Wednesday, July 08, 2009

Analysis of NB Southern Announcement

So what does $18 million buy? And is this a good investment by the governments?

I should say, what does $36 million buy, because some of the more recent articles about the announcement state that J.D. Irving will match the federal and provincial funds.

Given 90 miles of mainline track (Saint John to Maine border) and 34 miles of branchline track (St. Stephen line), that is an average of $290,000/mile.
A recent Iowa Department of Transportation analysis determined that rehabilitation of lines to 286K standards generally costs about US $265,000/mile. That falls very much in line with the figures above.

The newer articles (below) talk about upgrading the line to the the 286K standard. Many of New Brunswick's railway lines can only handle cars that weigh up to 263,000 lbs. Most class 1 railways in North America, aka the larger ones, handle cars up to 286,000 lbs and more. It makes it hard for shippers to send cars across the continent when they can only use 263,000 pound cars.

This upgrade will allow easier interchange of traffic. Marwood (just north of Fredericton Junction) is quoted as saying they will use the rail line once it is upgraded. I should point out that Marwood is owned by J.D. Irving, as are all the newspapers quoted below.

I know there are people who say government should not invest in private companies, and in general I agree with that. But a railway is not exactly a private company - it provides a public service as a transportation corridor. Governments should be very involved in transportation, especially to promote greener, more fuel efficient transportation methods such as railways. I would much rather see $18 million of my money go to a railway than to build a few miles of twinned highways for more gas guzzlers.

I also know many people don't think the Irvings should get any public funds. Ask yourself if NB Southern was owned by a publicly-listed company, if you'd feel any different. Irving has their faults but they have done a lot for New Brunswick.
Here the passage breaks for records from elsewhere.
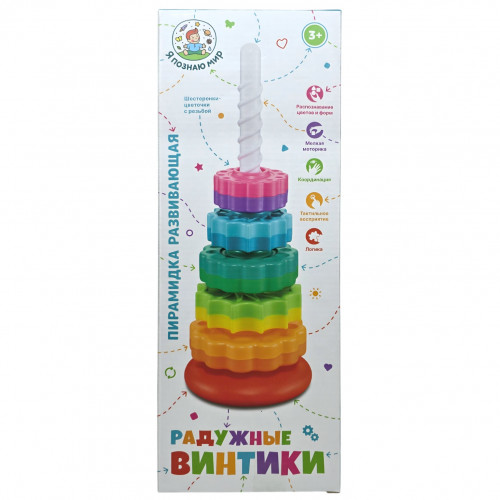 Пирамидка Радужные винтики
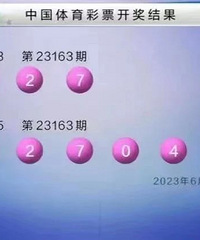 ƽ��һ�ϲ����н�100�򣡸ò�Ʊ��ȥ��������2��ǧ��󽱣�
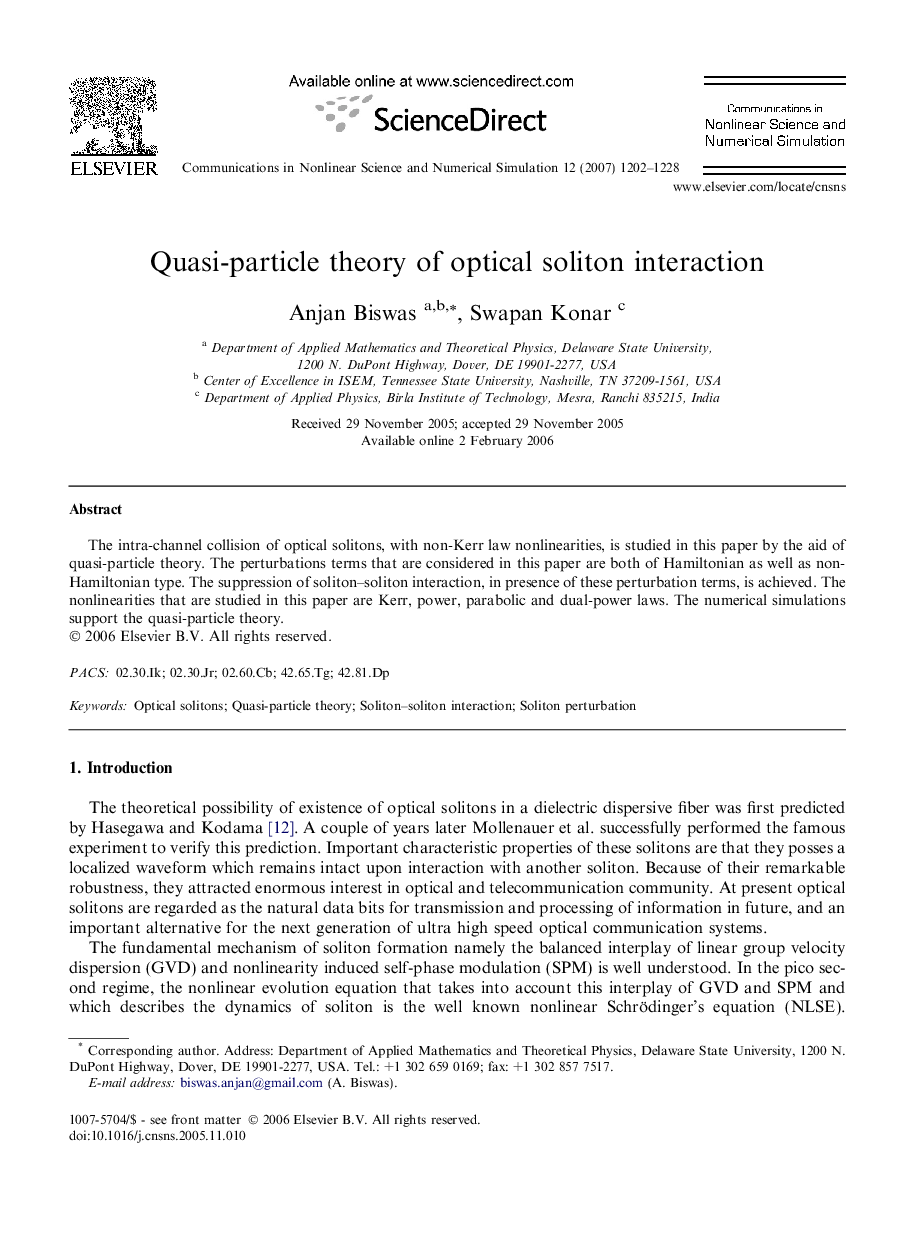 Quasi-particle theory of optical soliton interaction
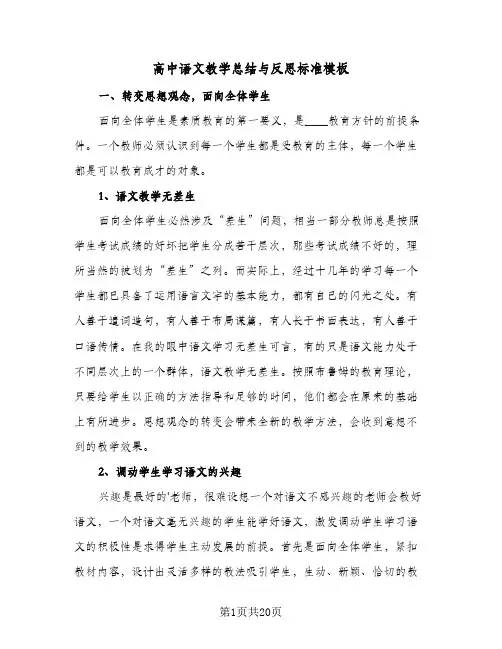 高中语文教学总结与反思标准模板（六篇）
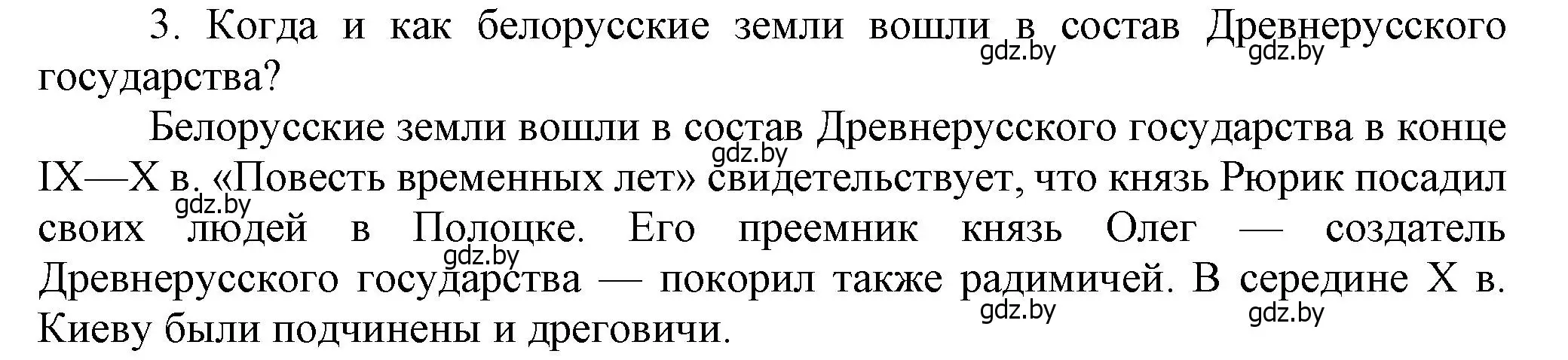 Решение номер 3 (страница 61) гдз по истории Беларуси 6 класс Темушев, Бохан, учебник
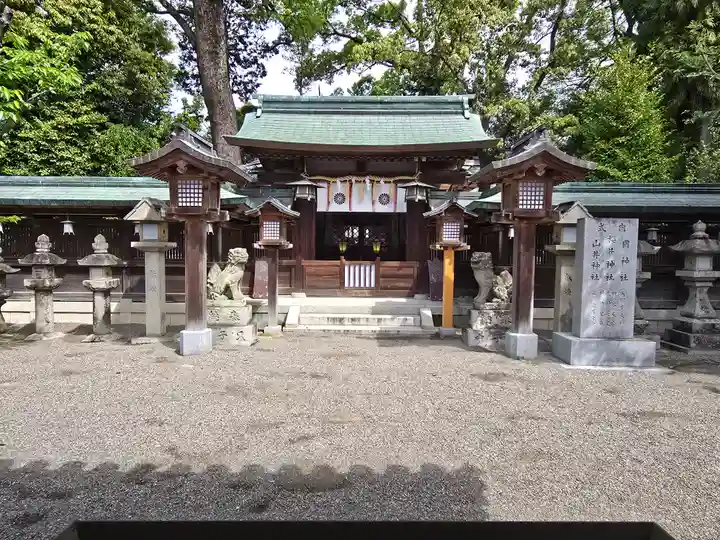 櫻井神社(大阪府)
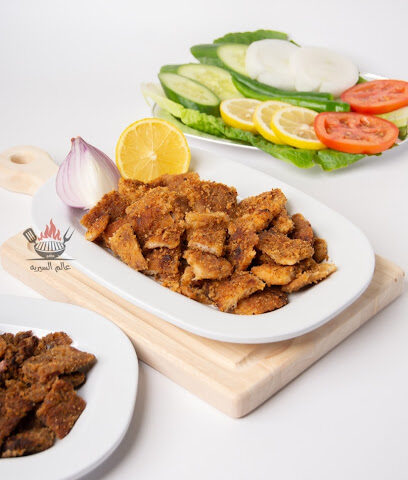 مطعم عالم السيريه - ينبع - +966 56 716 6900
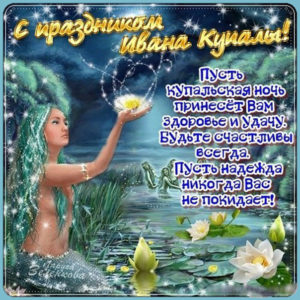 Добрая Ивана Купала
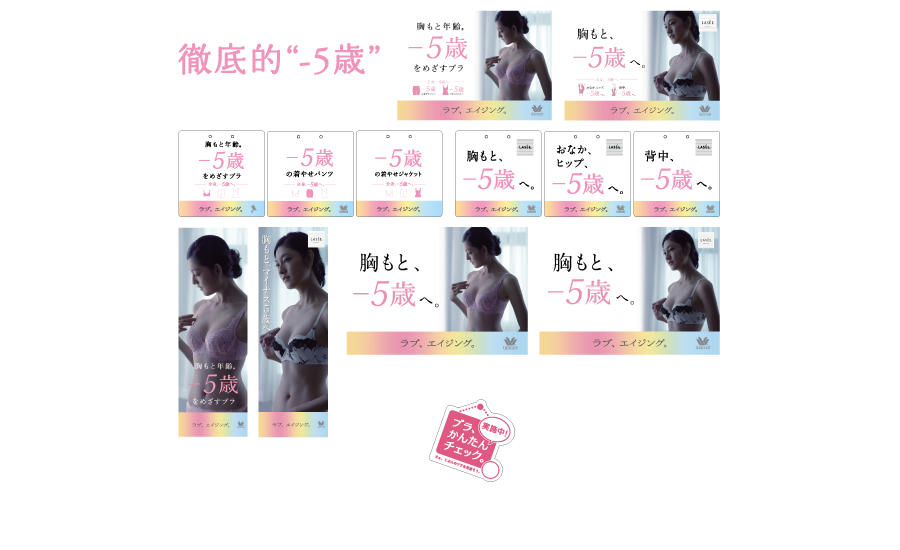 w_loveageing_04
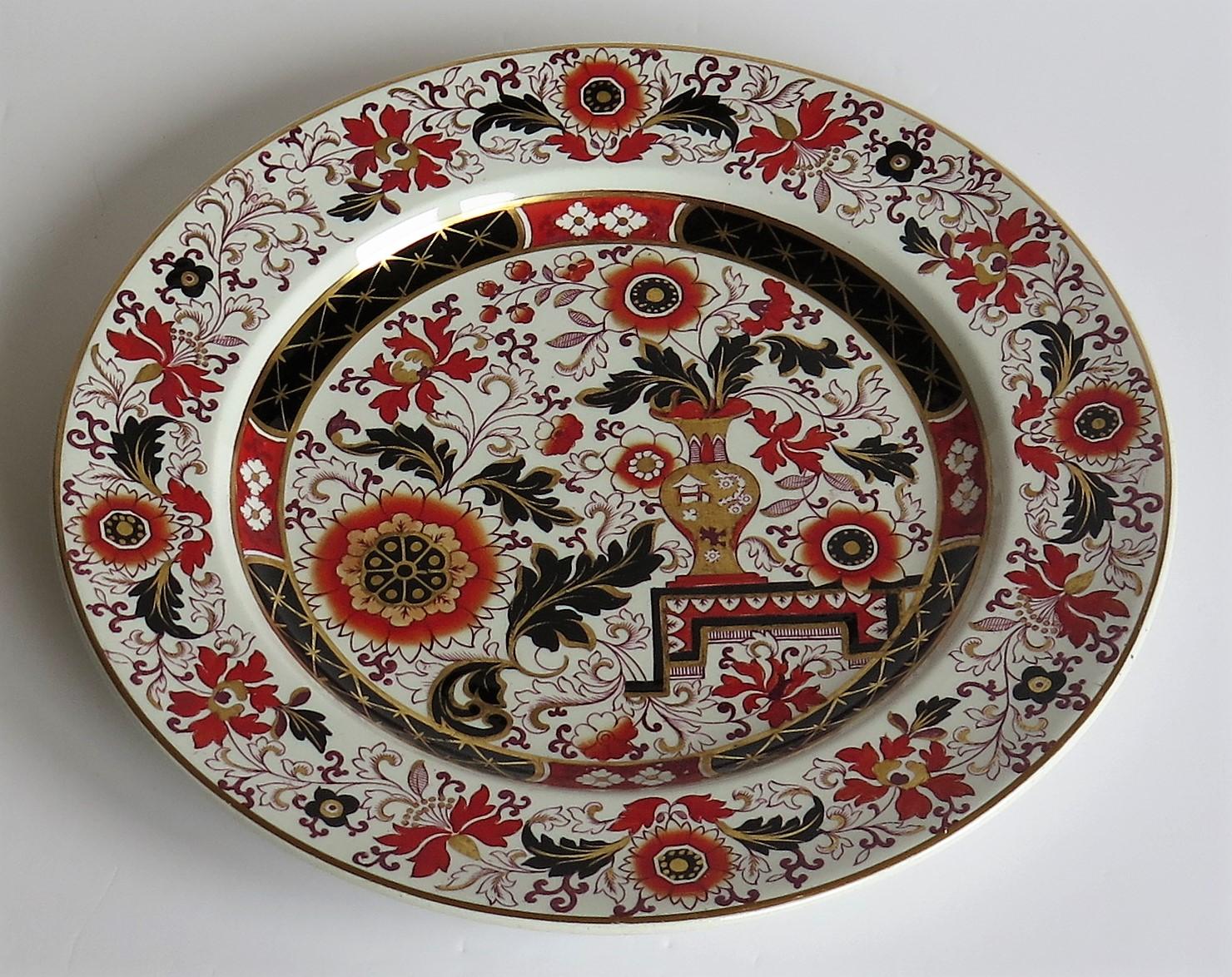 Chinoiserie Masons Ashworths Ironstone Dinner Plate in Old Japan Vase Pattern, circa 1870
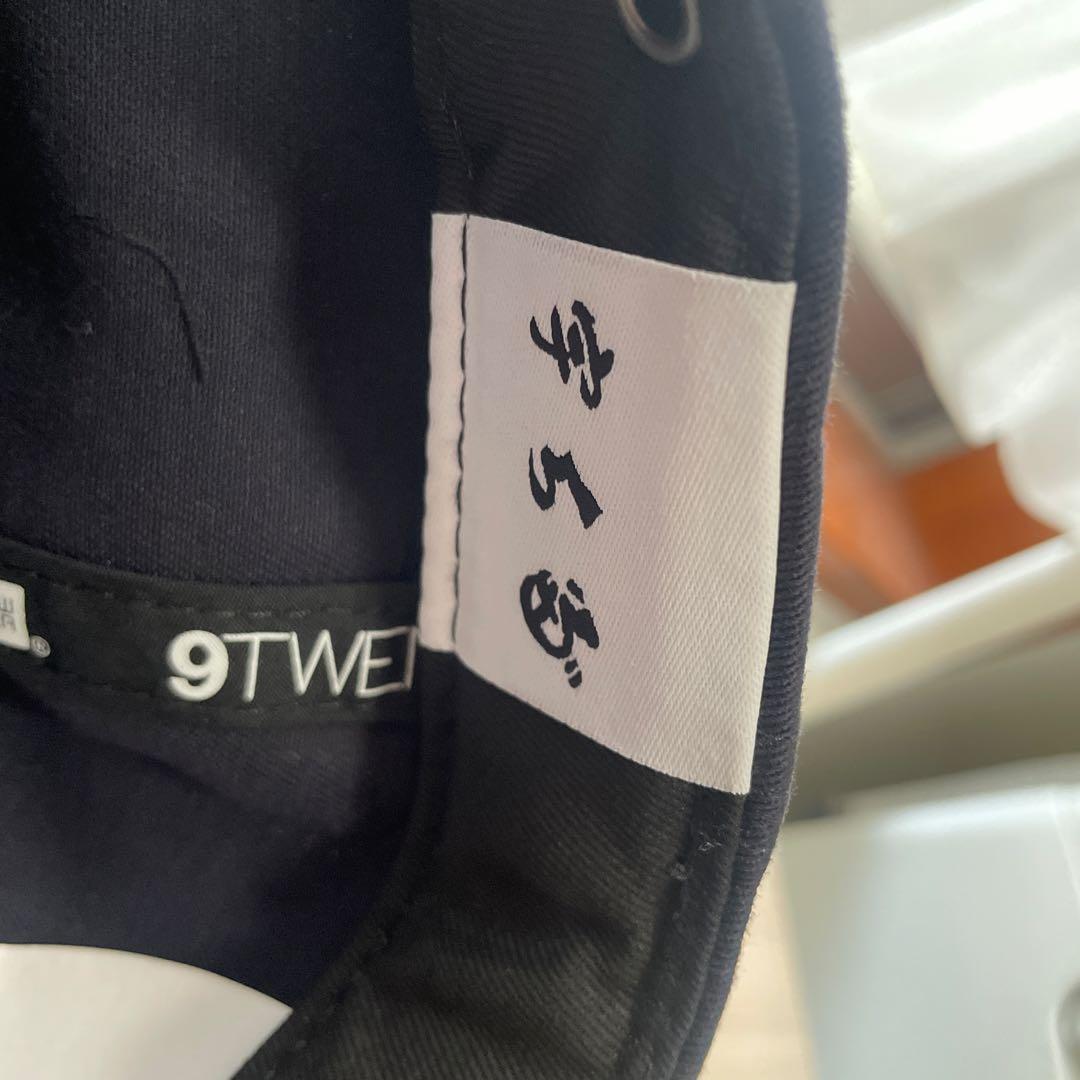美品！宇ち多\" NEWERA 9TWENTY M/L キャップ ネイビー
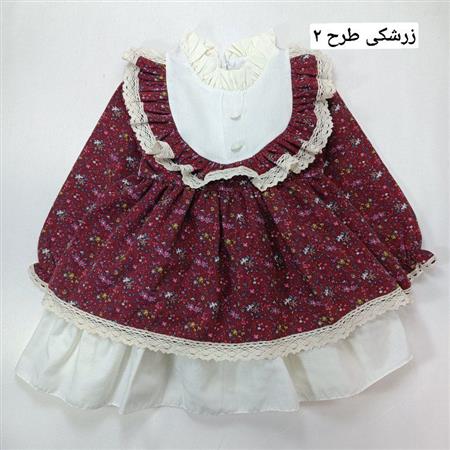 پیراهن اسپانیایی کرشمه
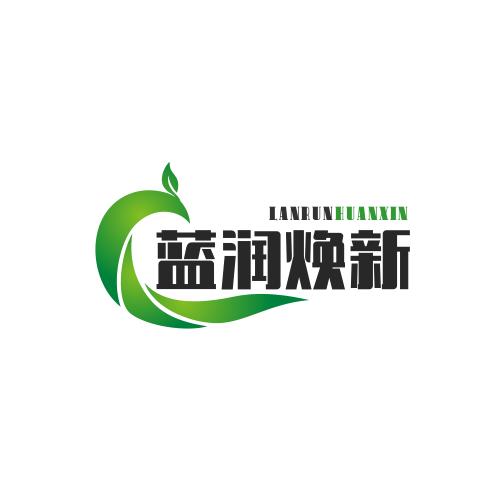 邢台(清河)王林全屋入户门窗柜体改色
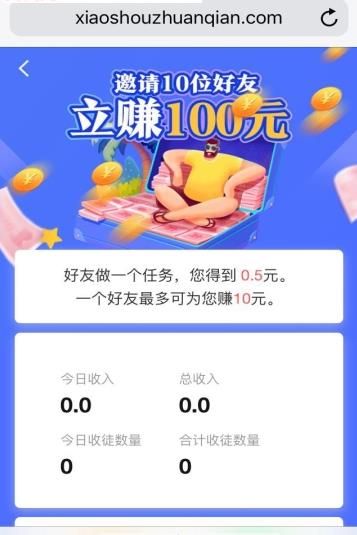 小手试玩app图6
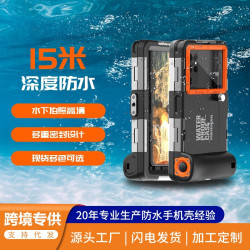 紅辣椒黑科技15米潛水殼防水保護三星適用14蘋果13手機殼華爲小米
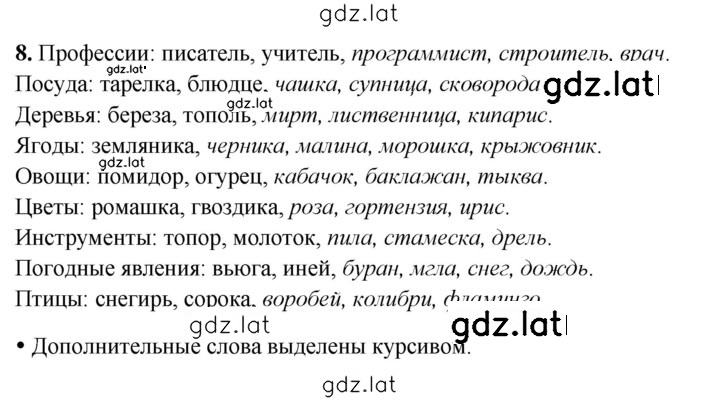 Решение задания № 8 — страница 1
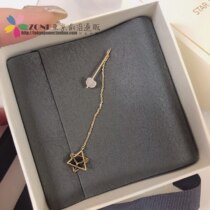 Japan StarJewelry Summer Stereo Six Mans Star Series 10K Gold Necklace Ring Earrings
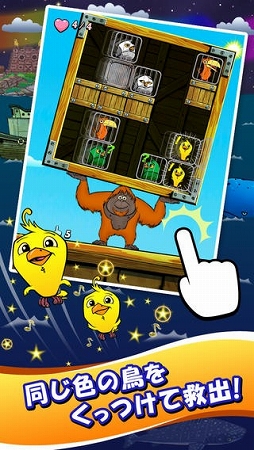 ポンゴコンボ ぱたぴよパズル
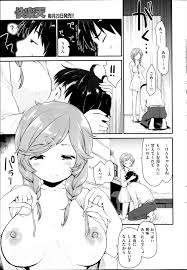 巨乳義母がちっちゃくてかわいすぎて授乳してる時に盗撮してたのがバレてしまったが 優しく筆おろししてくれた エロ漫画 同人誌の萌え萌えアニメログ
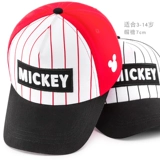 Дисней, детская весенняя шапка на солнечной энергии для мальчиков, бейсболка, защита от солнца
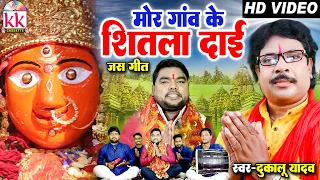dukalu yadav cg jas geet mor gaon ke shitla dai navratri special song chhatttisgarhi bhakti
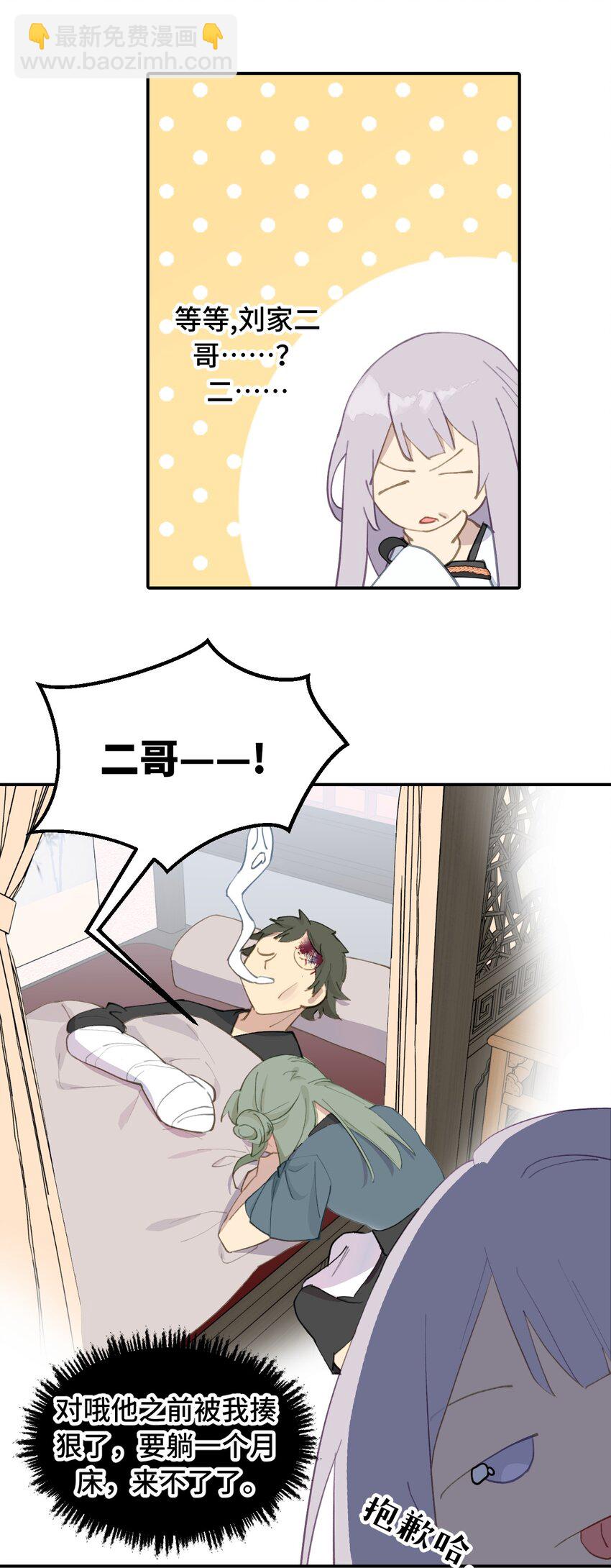 012 说好的主角光环呢-第13话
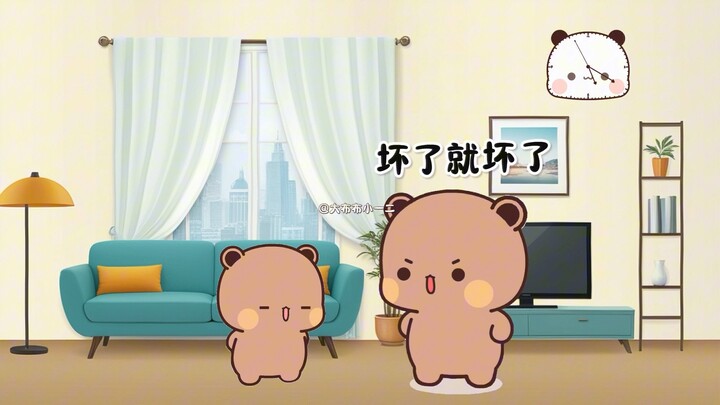 什么事爸爸给你抗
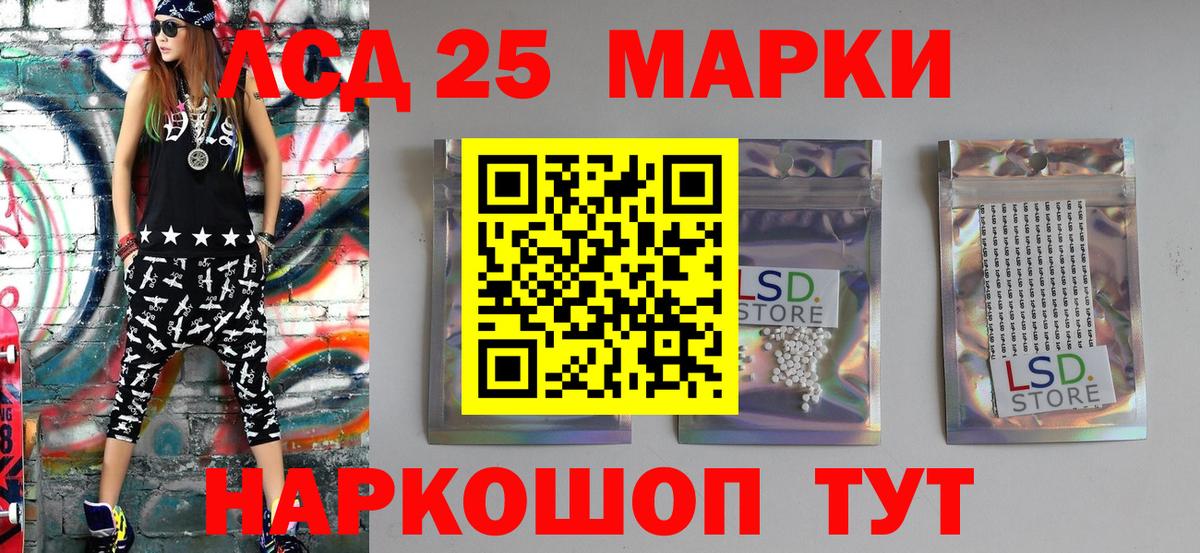 Марки NBOMe 1,5мг Анапа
I think this is a good investment by the federal and provincial governments.

More coverage: NB Business Journal, Daily Gleaner (again), Telegraph Journal.


Anonymous said...

Kudos Steve - a well written analysis of the NBSR story.

From a capacity versus capaital const perspective, nothing can beat rail through the terrain west of Saint John. It will allow heavier loads at greater speeds. Safety would be enhanced as well not alone mentioned the favourable impact on the environment.

I share your observation that people see railways as a private business but they pay the costs to maintain their infrastucture. Truck drivers, regrettably, do not.

Your cost estimates to change out the rail may be a little light depending on the cost of the rail. The market was overheated in 2008.

As the promoter of the Acadian Railway, we share the same design issued with the proper weight of rail. 286k is the bare minimum if you want to get the maximum tonnage per employee.

I would suggest that the NBSR consider leapfrogging the 286k limit and moving to the 315k limit thus placing the port as a potential key entry point in North America. slowly, key lines in the US are moving to this standard and I expect the Rockies and southern Ontario will move to that level in the next 10-20 years.

As for the Irving's, people either love them or hate them. One thing for certain, they do know how to run a shortline.

Anonymous said...

Any idea what kind of rail? Will it be Continuous Welded Rail perhaps? Good news for that railroad and the other connecting to it (Pan Am, MMA, CN)

Canadian Train Geek said...

Thanks, Peter.

FWC, I expect it would be continuous welded rail. In this day and age I wouldn't think anyone would redo this much track without using CWR and the appropriate machinery.